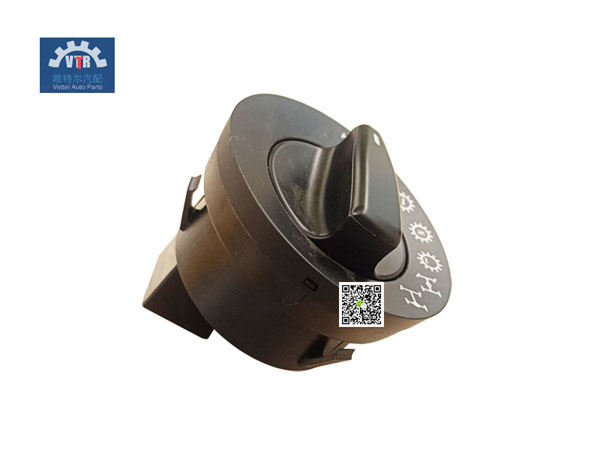 812W25503-6084   分動(dòng)箱操作旋鈕(7檔)  Transfer box operation knob  SINOTRUK  HOWO  T5G  Truck drive parts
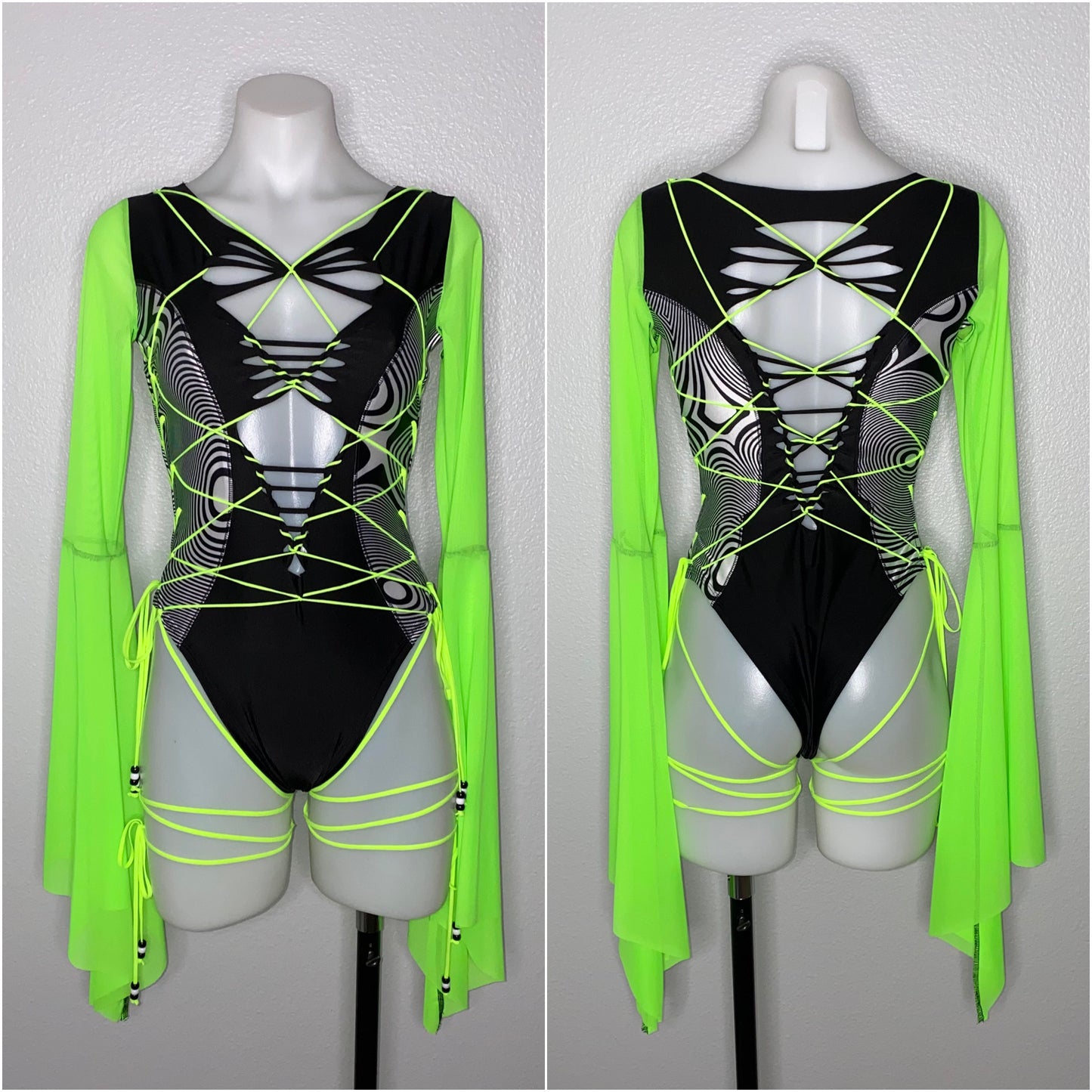 Braided Bodysuit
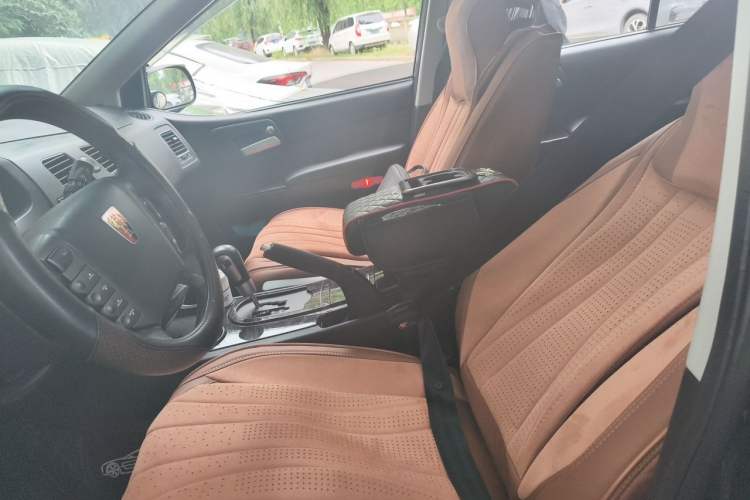 Used Roewe W5 2013 1.8T 4WD Automatic High-End Model Left Front Seat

**WHAT IS EXPECTED**
Output all of the data above exactly; no pictures should appear.

**YOUR SOLUTION**
 812W25503-6084   分動(dòng)箱操作旋鈕(7檔)  Transfer box operation knob  SINOTRUK  HOWO  T5G  Truck drive parts
 Braided Bodysuit
 Used Roewe W5 2013 1.8T 4WD Automatic High-End Model Left Front Seat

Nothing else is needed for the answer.